Rehab ‘explosion’ as youth switch on to tik

Posted 5 CommentsPosted in Blog, Uncategorized

USE of the debilitating drug tik has exploded in Nelson Mandela Bay, with experts saying it has become the drug of choice among youth due to its availability and affordability.

While there are no official statistics on the severity of the problem, Shepherd‘s Field Rehabilitation Centre outside Port Elizabeth reports that tik addicts now account for 57 per cent of its patients.

And the SA National Council on Alcoholism and Drug Dependence (Sanca) in Port Elizabeth said its number of addicts on tik had more than doubled in the last six months.

As the second cheapest drug on the streets after dagga, tik has saturated the city‘s poorest communities.

The drug can get a buyer a “high” for just R20, but experts warn it causes parts of the brain to “dissolve” after prolonged use.

Tik is made up primarily of crystal methamphetamine, but can also include a number of household products such as anti-freeze, slimming drugs, rat poison and household cleaning products.

Sanca information, training and education co-ordinator Zarina Ghulam said the drug had infiltrated the northern areas of Port Elizabeth specifically and that the number of users was growing rapidly.

“From July to December last year, we‘ve seen a huge jump of tik users coming to us for treatment.

“It went from 3,1% to 7,2% in those six months.
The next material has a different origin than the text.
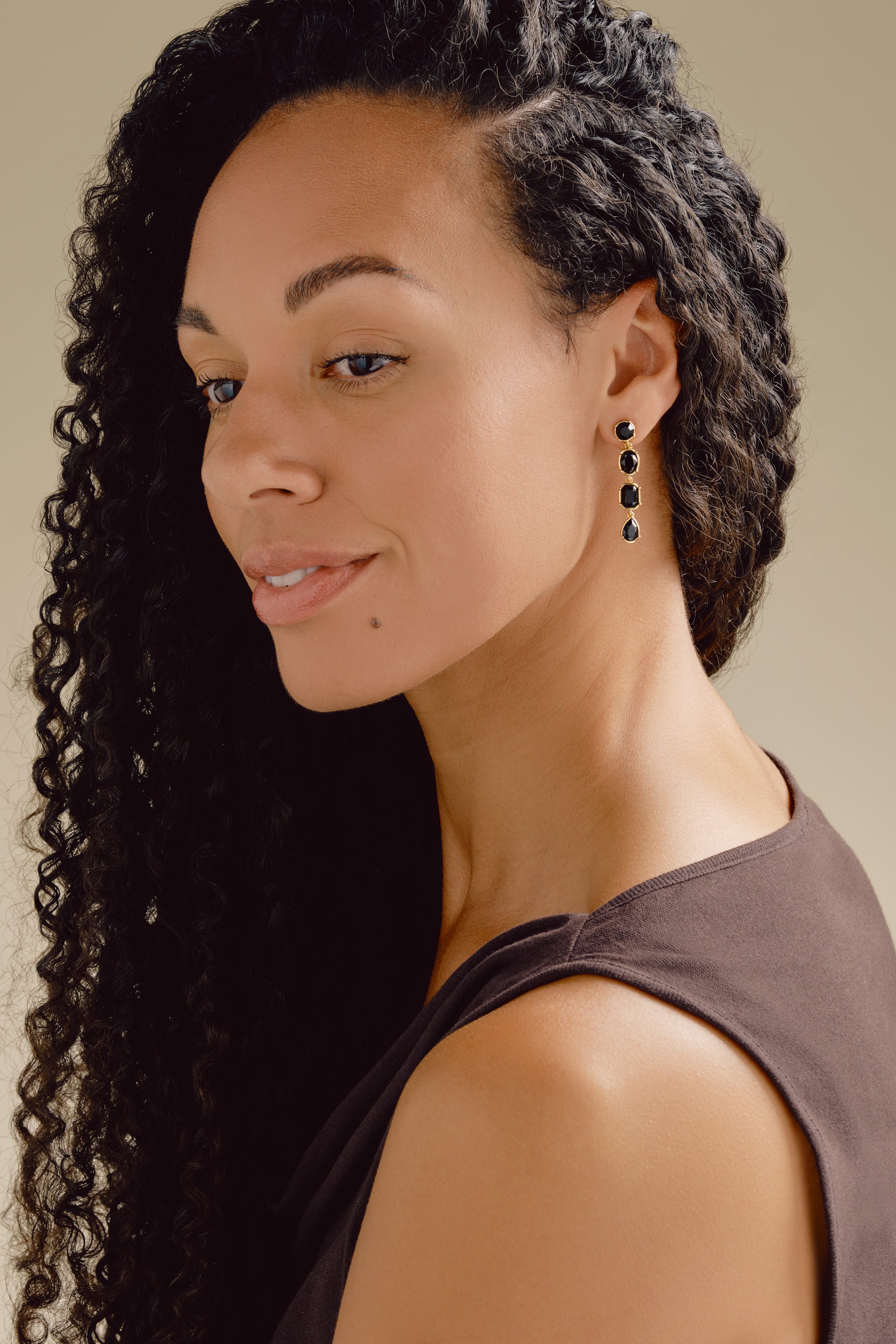 A model wearing black crystal clip on earrings
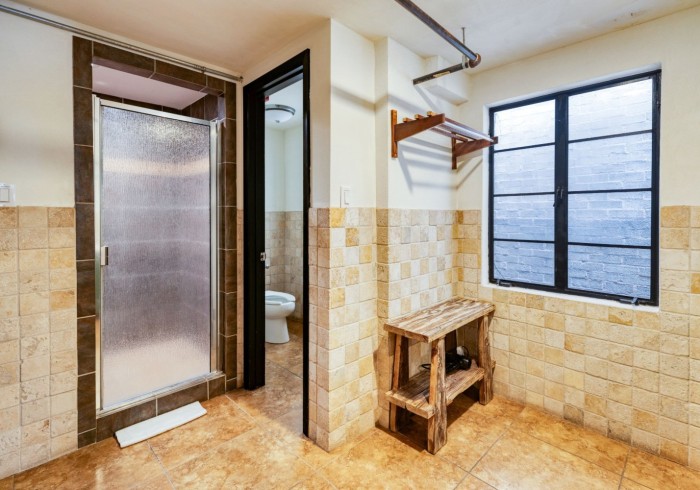 Private bathroom with travertine tile, glass shower door, and rustic wooden bench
Although we do not have the latest figures available for the last couple of months, I can definitely say the numbers are growing rapidly.

“The majority of the people who come to us for tik abuse are from the northern areas and it‘s moving to Uitenhage.”

Tik was first identified as a potential problem in the Bay two years ago when gangsters were being paid for poached perlemoen with tik by Cape Town crime barons.

Shepherd‘s Field chief executive Gerrie Cronje said the number of tik users at their centre accounted for 57% of people admitted for substance abuse.

Although a number of these addicts came from Cape Town, the majority were from the Nelson Mandela Bay area.

Reinhardt Coetsee, director of Rei‘s Place House of Recovery at Greenbushes in Port Elizabeth, said it was evident that tik was a fast growing problem in the city.

“Although it hasn‘t hit PE as bad as Cape Town, it is definitely a major concern and the problem is escalating.”

Humewood Community Police Forum chairman John Preller said the number of tik users attending his group meetings was increasing.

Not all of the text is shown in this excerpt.